Su encanto es diferente al del común de los futbolistas con pinta de súper héroes, de titanes nacidos para otras gestas, de semidioses predestinados. Todo lo contrario, en Raúl González Blanco se pudo identificar toda una generación de aficionados y amantes del balón, simplemente porque su pretensión siempre fue mejorarse partiendo de la premisa de su imperfección y vulnerabilidad mismas.
Ni el cuerpo de Hércules, ni la velocidad de Aquiles, ni la fuerza de Atlas, ni la destreza de Áyax… aunque con suficiente fe y voluntad para ganar toda Troya, para triunfar en los momentos cumbre de toda Ilíada, para él hombre imponerse a cualquier deidad.
Corte de pelo, rostro y cuerpo de alguien que lo mismo pudo atender en la ventanilla de un banco, conducir un taxi u ofrecer tapas en algún restaurante madrileño, Raúl fue discutido y exigido precisamente por ese don de la normalidad, que en los profetas a menudo se buscan rasgos exóticos y ajenos. Sus declaraciones y actitudes también iban en un sentido tan sensato que nos costaba hallar en él ese inconmensurable liderazgo para, desde la adolescencia, cargar sobre su estrecha espalda con el equipo más laureado de la historia.

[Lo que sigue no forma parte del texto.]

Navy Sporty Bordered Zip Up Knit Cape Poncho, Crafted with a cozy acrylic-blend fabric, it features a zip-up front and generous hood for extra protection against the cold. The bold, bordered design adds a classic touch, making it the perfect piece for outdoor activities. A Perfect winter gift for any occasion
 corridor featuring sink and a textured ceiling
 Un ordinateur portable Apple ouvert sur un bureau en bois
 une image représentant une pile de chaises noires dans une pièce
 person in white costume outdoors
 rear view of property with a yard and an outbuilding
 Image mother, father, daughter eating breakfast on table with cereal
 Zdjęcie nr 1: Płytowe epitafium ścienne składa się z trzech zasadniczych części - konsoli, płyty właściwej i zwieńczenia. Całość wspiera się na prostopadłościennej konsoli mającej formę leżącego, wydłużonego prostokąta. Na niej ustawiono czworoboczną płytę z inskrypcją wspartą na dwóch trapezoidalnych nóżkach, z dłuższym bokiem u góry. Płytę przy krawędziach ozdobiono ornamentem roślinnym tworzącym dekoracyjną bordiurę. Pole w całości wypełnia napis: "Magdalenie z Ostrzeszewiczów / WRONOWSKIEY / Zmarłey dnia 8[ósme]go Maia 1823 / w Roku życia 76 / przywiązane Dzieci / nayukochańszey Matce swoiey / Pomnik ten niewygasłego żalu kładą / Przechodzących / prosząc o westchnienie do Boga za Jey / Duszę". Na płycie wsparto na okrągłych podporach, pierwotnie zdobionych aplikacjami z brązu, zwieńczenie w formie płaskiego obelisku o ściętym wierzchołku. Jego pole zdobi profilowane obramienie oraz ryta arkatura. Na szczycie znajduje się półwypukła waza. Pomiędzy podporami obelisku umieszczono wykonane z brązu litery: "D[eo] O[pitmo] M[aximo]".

Este domingo se retira el inmenso Raúl. Este domingo se cierra una de las trayectorias más bellas en la historia de este deporte. Este domingo terminaremos de perder algo a lo que paulatinamente tuvimos que ir renunciando: primero al irse del Madrid en 2010, después al dejar al Schalke 04 y el futbol europeo en 2012, finalmente al cerrar esta etapa de jubilación que incluyó paradas por Qatar y Estados Unidos.
Un tipo tan rutilante como común. Normales son todos, el problema es su empecinamiento en maquillarlo o refutarlo, pretensión ajena al 7 merengue. Durante las transmisiones del Mundial 2014, pude sostener con él muchos diálogos que siempre serán más reveladores de una personalidad que la impostura propiciada por una entrevista televisiva.
Sus hijos, su afán de aprender y experimentar más culturas, sus preocupaciones por el alejamiento del mundo convencional que emprenden muchos jugadores, su crítica al comportamiento poco ejemplar de buena parte de sus colegas, su gratitud cuando en su cumpleaños le partimos un pastel, sus costales de anécdotas con el futbolista al que se quisiera mencionar, porque durante quince años Raúl enfrentó respetuosamente a todos y derrotó implacablemente a la abrumadora mayoría.
En una entrevista larga que le efectué en 2003, cuando con 25 años ya acumulaba más títulos que la mayoría de las leyendas retiradas, se refería a su éxito pendiente con la selección española. En eso volví a pensar cuando España cayó en la primera fase de la Eurocopa 2004 y en octavos de final del Mundial 2006, pero, más incluso, cuando salió del conjunto ibérico en el preciso momento en que comenzó a ganarlo todo.
¿Aquellos representativos dirigidos por Luis Aragonés y Vicente del Bosque habrían fracasado con Raúl convocado? ¿Era necesario en ese rito fundacional de una nueva casta futbolística, renunciar al acaso mejor futbolista español de todos los tiempos? ¿No podía él haber coincidido en la cancha con esa impactante generación de talentos barcelonistas?
Siempre pensaré que sí, pero a la vista de lo que sucedió no hay reproche posible.
En tiempos en los que todos los deportistas buscan ser tan distinguibles (tatuajes, peinados, poses, verborrea, ropa) que terminan por verse iguales, Raúl es distinto desde su trinchera de la normalidad. Trinchera desde la que también convirtió en normal hacer goles y levantar trofeos a granel, competir y ser mejor a cada día.